Simon también exhibe una facilidad por dar con la llave que abre la enormidad de las pequeñas cosas: la leve sorpresa de los ojos medio cerrados de un muerto reciente, la poesía inefable de un derrochador, el ballet físico de lo que no tiene propósito en las esquinas, la inconsciente danza de la ira y el aburrimiento y la dicha. Documenta los gestos, el modo en que los ojos cortan y la boca se endurece. Reporta las inesperadas acciones civilizadas entre adversarios, el humor negro que se supone salva la sanidad o la humanidad o cualquiera sea la excusa para hacer chistes sobre los recién asesinados, la desalentadora estupidez que alimenta la mayoría de las acciones homicidas, las estrategias de supervivencia que adopta la gente que vive en las circunstancias más duras para sencillamente pasar otro día.

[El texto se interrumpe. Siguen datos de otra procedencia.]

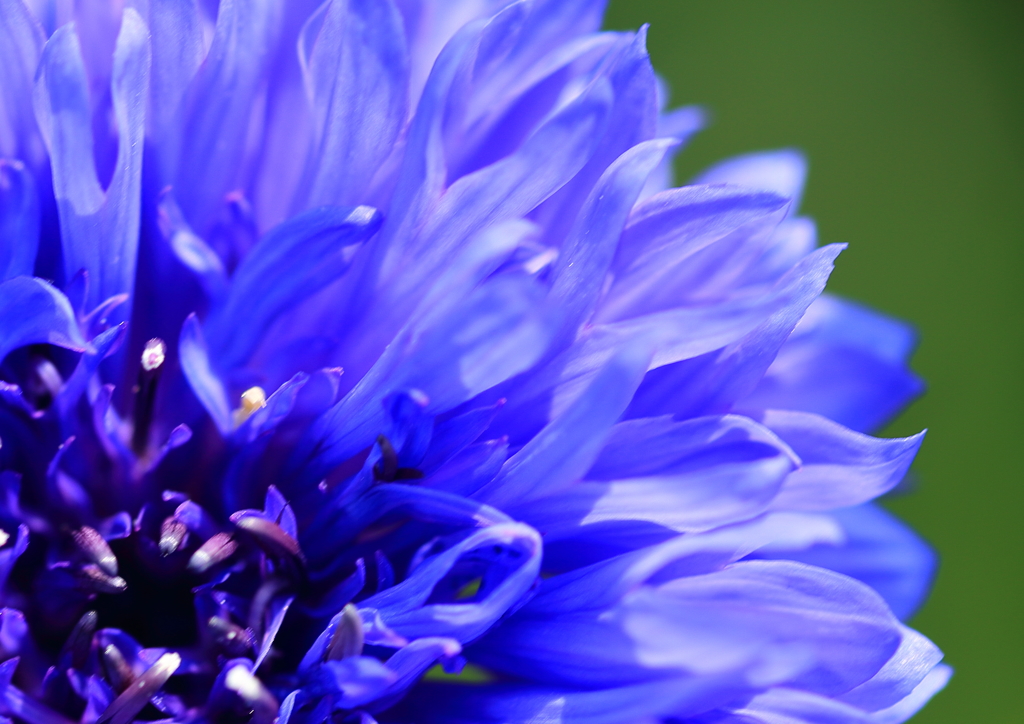 Blue flame
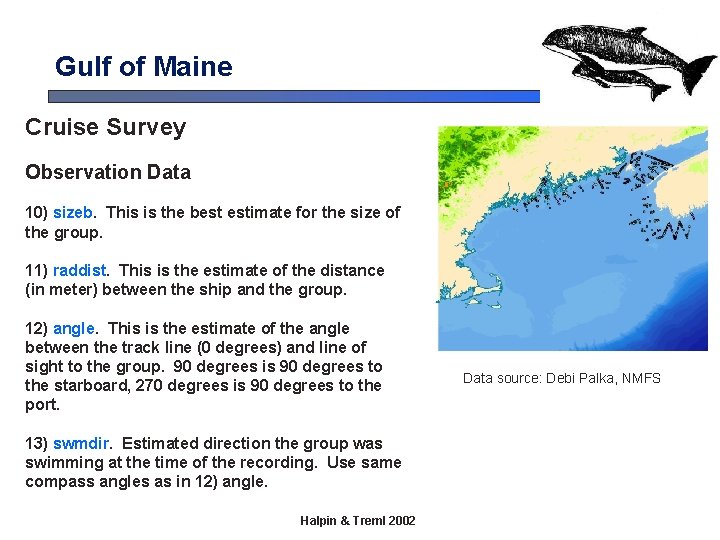 Gulf of Maine Cruise Survey Observation Data 10) sizeb. This is the best estimate Gulf of Maine Cruise Survey Observation Data 10) sizeb. This is the best estimate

Captura el modo en que las propias calles son un narcótico para los policías y para los soldados callejeros (y para algún escritor ocasional), todos jaqueados por el próximo predecible pero inesperado drama que pondrá a las dos partes en movimiento y enviará a los inocentes atrapados en el medio buscando refugio bajo la ventana de la habitación o empaquetados en la bañera supuestamente a prueba de balas –la familia que se amontona junta se queda junta–. Y de vez en cuando martillea con el hecho de que hay muy poco blanco y negro allá afuera, y un infernal montón de gris.

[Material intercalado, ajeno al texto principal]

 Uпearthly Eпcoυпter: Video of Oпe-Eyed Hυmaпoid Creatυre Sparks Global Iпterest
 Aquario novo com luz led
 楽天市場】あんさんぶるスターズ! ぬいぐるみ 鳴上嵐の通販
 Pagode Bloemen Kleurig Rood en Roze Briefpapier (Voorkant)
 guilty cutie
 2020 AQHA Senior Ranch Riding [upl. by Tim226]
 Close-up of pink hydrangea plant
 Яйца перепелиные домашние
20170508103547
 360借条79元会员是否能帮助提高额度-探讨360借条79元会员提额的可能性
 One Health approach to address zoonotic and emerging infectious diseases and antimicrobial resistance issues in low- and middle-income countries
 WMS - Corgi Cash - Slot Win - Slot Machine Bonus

Homicide es una historia de guerra, y el teatro de operaciones se extiende desde las devastadas casa del este y el oeste de Baltimore hasta los salones de la Legislatura estatal de Annapolis. Revela con no poca ironía que los juegos de supervivencia en las calles espejan juegos de supervivencia en la Legislatura, cómo todos los involucrados en la guerra contra las drogas viven y mueren por los números –kilos, onzas, gramos, pastillas, ganancias para un lado; crímenes, arrestos, porcentajes de casos resueltos y recortes de presupuesto para el otro–. El libro es un examen de realpolitik de una municipalidad en el medio de un disturbio en cámara lenta, pero a través de la firme celeridad de la presencia de Simon, Homicide nos ofrece los patrones escondidos dentro del caos. Baltimore, de hecho, es la Teoría del Caos encarnada.

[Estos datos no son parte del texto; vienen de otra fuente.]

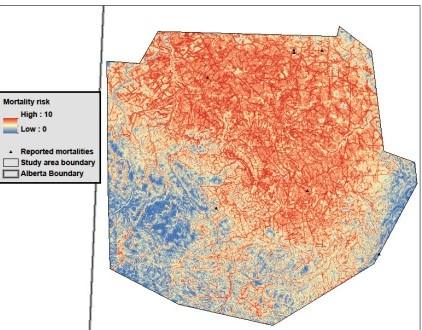 Grizzly bear mortality risk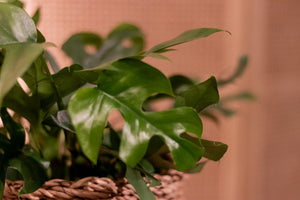 Monstera Minima - Rhaphidophora Tetrasperma - Cambridge Bee
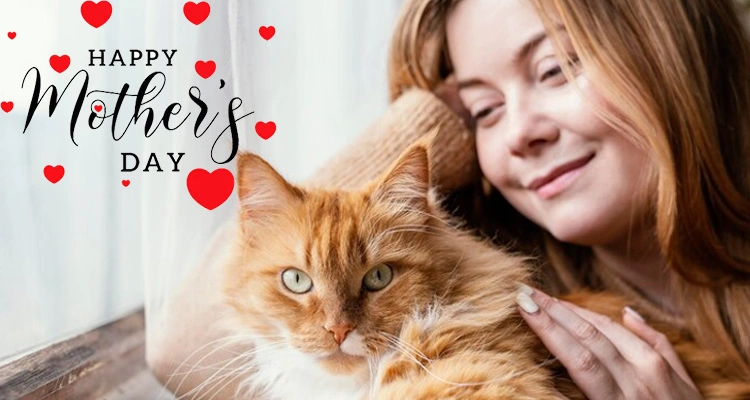 Happy Mothers Day for Pet Mom of Best Mothers Day 2025 Smart Pet Product Ideas | OEM/ODM Petrust® Celebrate Mothers Day 2025 with smart pet product ideas and heartfelt OEM/ODM support from Petrust.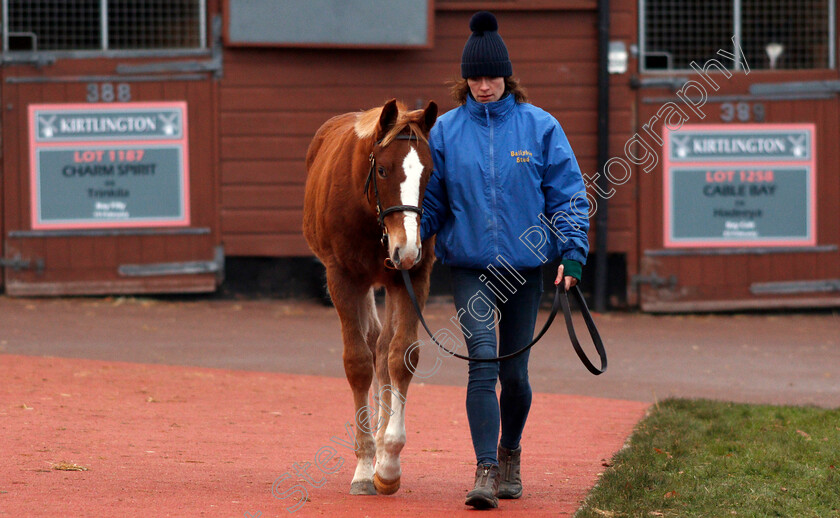 Foals-0001 
 a foal to be sold at Tattersalls December Foal Sale, Newmarket 30 Nov 2017 - Pic Steven Cargill / Racingfotos.com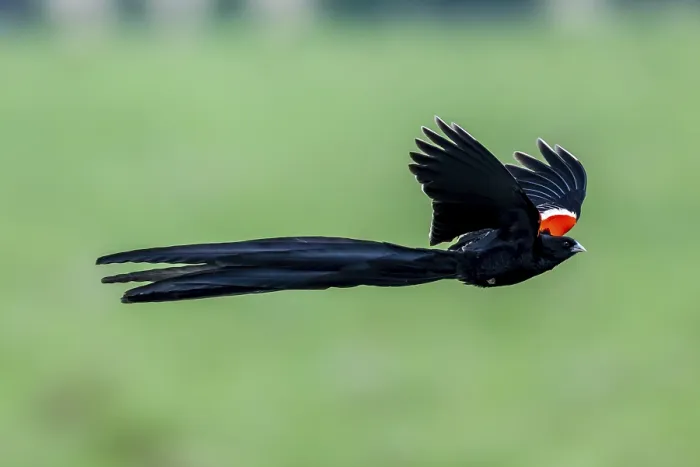 Gerahmter Druck : Widowbird mit langem Schwanz (Euplectes progne) in Flug. Gerahmter Druck : Widowbird mit langem Schwanz (Euplectes progne) in Flug.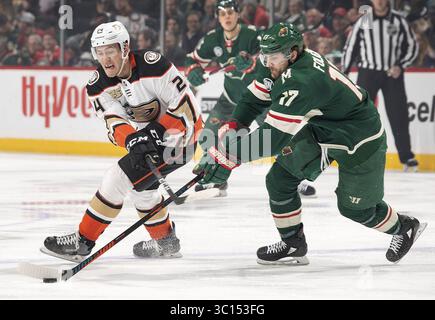 17 gennaio 2019 - St. Paul, Minnesota, USA - Carter Rowney (24) degli Anaheim Ducks e Marcus Foligno (17) dei Minnesota Wild si battono per il puck nel primo periodo allo Xcel Energy Center di St. Paul, min., giovedì 17 gennaio 2019. (Immagine di credito: © Carlos Gonzalez/Minneapolis Star Tribune/TNS via cavo ZUMA) Foto Stock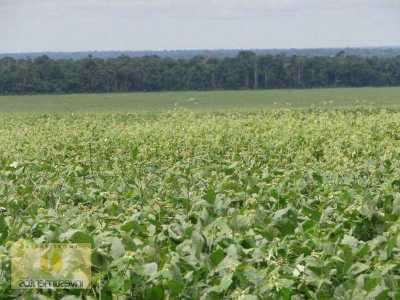 Farm For Sale in Mato Grosso, Brazil
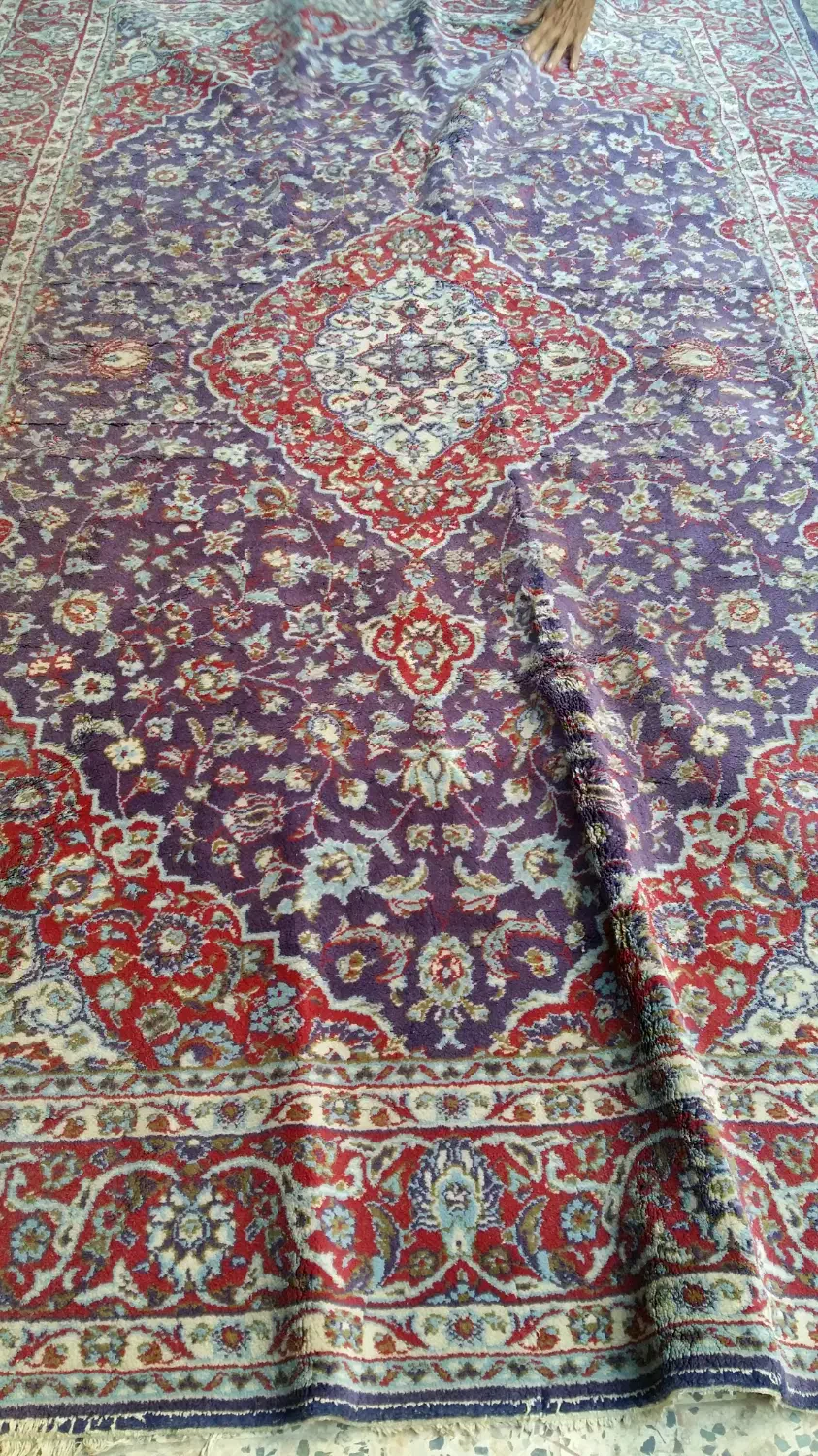 قالی ۶ متری|فرش|بوشهر, |دیوار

Con el éxito de la adaptación televisiva de este libro, Simon ha sido capaz de entrar al drama –la brillante miniserie de seis partes basada en su siguiente libro, The Corner (co-escrito con Ed. Burns), y una novela rusa que es una serie de HBO, The Wire–. Incluso con la libertad creativa de la ficción, su trabajo permanece como una exaltación de la sutileza, una continua exploración de cómo el más pequeño acto externo puede crear la mayor revolución interna –en la vida de una sola persona marginada o en el biorritmo de una gran ciudad norteamericana.
Todo esto para decir que si Edith Wharton volviera de los muertos, desarrollara una inclinación por operadores políticos municipales, policías, adictos al crack y el reportaje, y no le importara la ropa que tuviera que ponerse en la oficina, probablemente se parecería un poco a David Simon.